Recommendation: Make dbPath an explicit parameter on every tool function that needs it. This makes data flow
visible, eliminates the SetDBPath function entirely, and makes the tools package side-effect-free and
testable in parallel without mutexes. The Input structs already exist for every tool — add DBPath string to
them (or a dedicated DBConfig struct embedded in each input).

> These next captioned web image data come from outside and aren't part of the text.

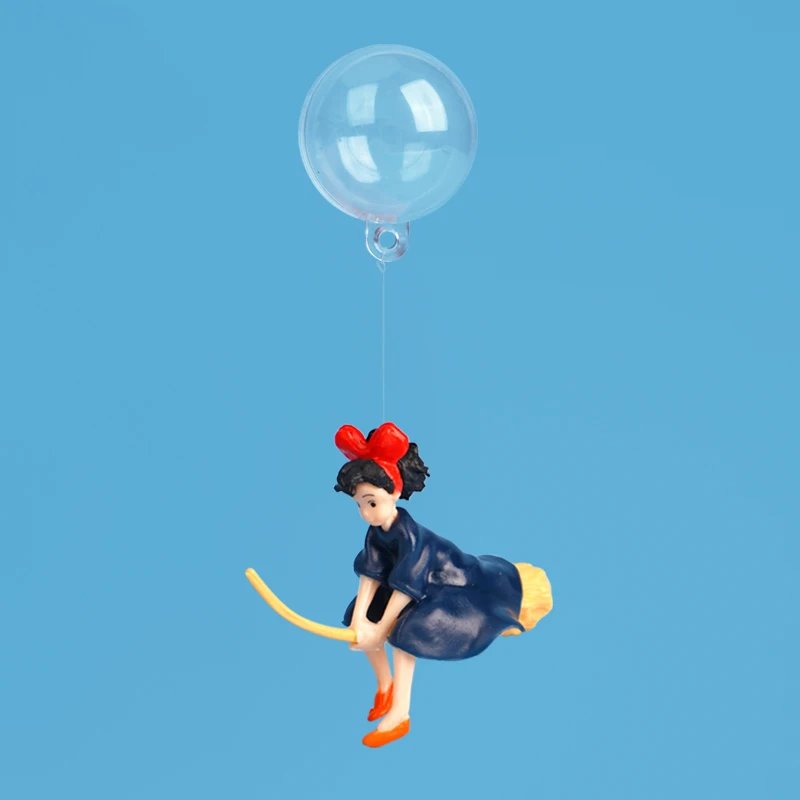 Décor d'Aquarium de Poissons de Dessin Animé, Mini Plongeur, Simulation de Sirène Flottante, Décoration Précieuse, Pendentif Kiki, Accessoires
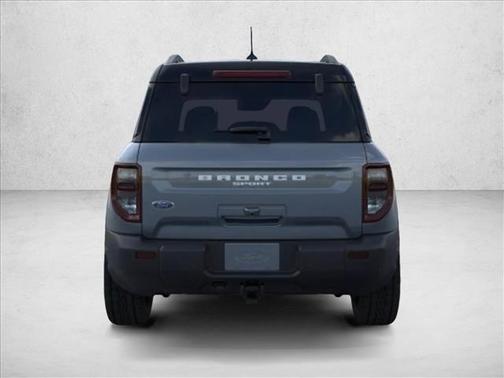 Azure Gray Metallic Tri-Coat 2026 Ford Bronco Sport Badlands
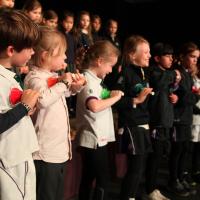 Spring Concert dress rehearsal and evening concert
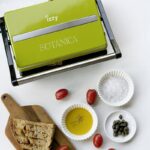 Τοστιέρα Izzy Panini Botanica IZ-2005 800W Πράσινη - Image 2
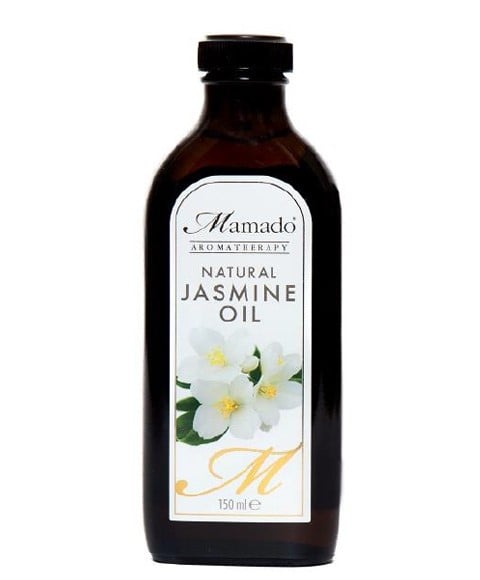 HUILE DE JASMIN NATURELLE AROMATHÉRAPIE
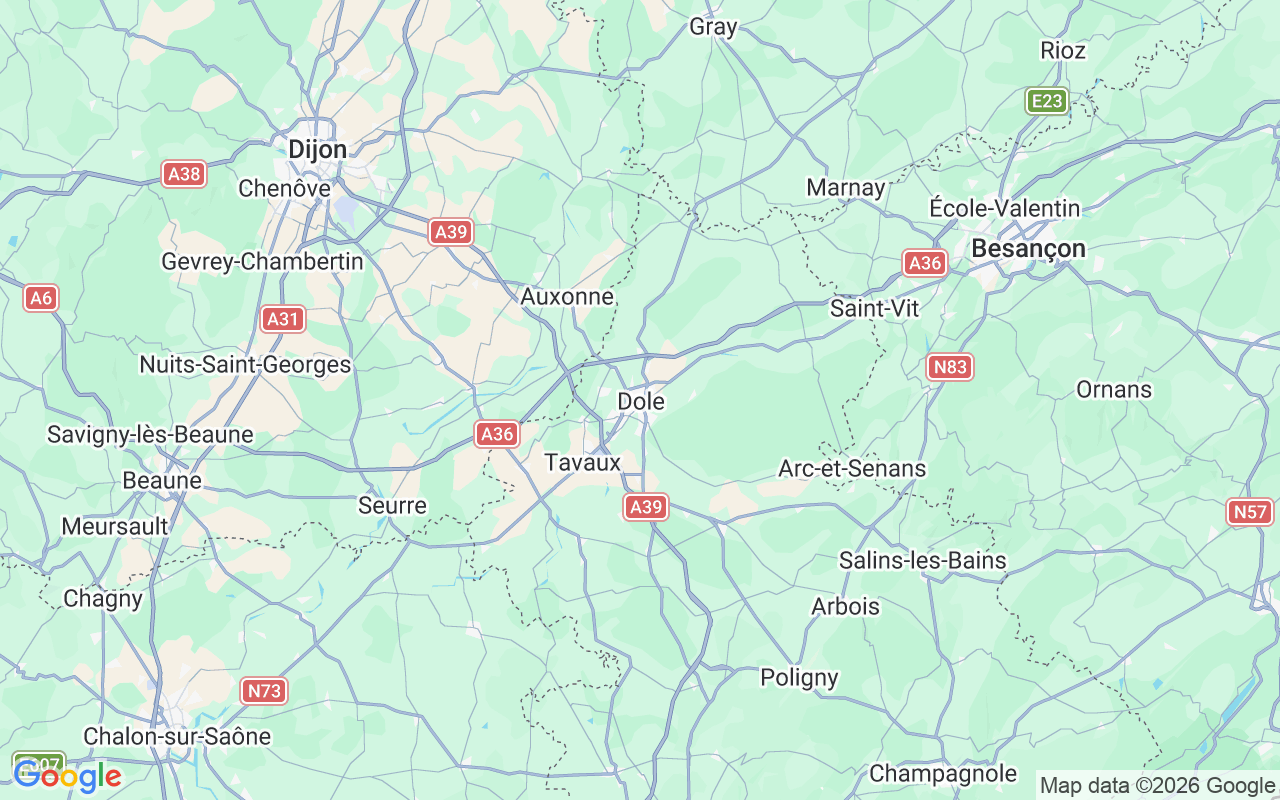 Emplacement du Péniche: 39100 Dole, France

────────────────────────────────────────────────────────────────────────────────
2. Duplicated Validation/Verification Functions
There are 8 local verify/validate functions in tools/ that duplicate or partially overlap with
db/validation.go:
┌─────────────────────────────────────────────────┬────────────────────────────────────┬────────────────────┐
│ Local (tools/) │ db/ equivalent │ Used by │
├─────────────────────────────────────────────────┼────────────────────────────────────┼────────────────────┤
│ verifyDatasetActive(*sql.DB) │ db.DatasetExistsAndActive(Querier) │ 1 caller │
│ │ │ (dataset.go) │
├─────────────────────────────────────────────────┼────────────────────────────────────┼────────────────────┤
│ verifyDatasetExistsAndActive(Querier) │ wraps db.DatasetExistsAndActive │ location.go │
├─────────────────────────────────────────────────┼────────────────────────────────────┼────────────────────┤
│ verifyLocationExistsAndActive(interface{QueryRo │ db.LocationBelongsToDataset(Querie │ location.go │
│ w...}) │ r) │ │
├─────────────────────────────────────────────────┼────────────────────────────────────┼────────────────────┤
│ verifyPatternExistsAndActive(*sql.DB) │ none in db/ │ pattern.go │
├─────────────────────────────────────────────────┼────────────────────────────────────┼────────────────────┤
│ verifyPatternExists(*LoggedTx) │ none │ cluster.go │
├─────────────────────────────────────────────────┼────────────────────────────────────┼────────────────────┤
│ validateClusterActive(*sql.DB) │ none │ cluster.go │
├─────────────────────────────────────────────────┼────────────────────────────────────┼────────────────────┤
│ validateClusterCyclicPattern(*sql.DB) │ none │ cluster.go │
├─────────────────────────────────────────────────┼────────────────────────────────────┼────────────────────┤
│ validateCyclicPattern(*sql.DB) │ none │ cluster.go │
└─────────────────────────────────────────────────┴────────────────────────────────────┴────────────────────┘
Problems:
- Inconsistent parameter types: some take *sql.DB, some take db.Querier, some take inline
interface{QueryRow...} — this is confusing
- verifyDatasetActive in dataset.go duplicates db.DatasetExistsAndActive but with a different signature and
error message
- verifyLocationExistsAndActive defines an anonymous interface instead of using db.Querier
Recommendation: Consolidate all entity-exists-and-active checks into db/validation.go using the db.Querier
interface consistently. Delete the local duplicates in tools/. The existing db.Querier interface is good —
extend it and use it everywhere.
────────────────────────────────────────────────────────────────────────────────
3. High Cyclomatic Complexity (40+ Functions ≥ 11)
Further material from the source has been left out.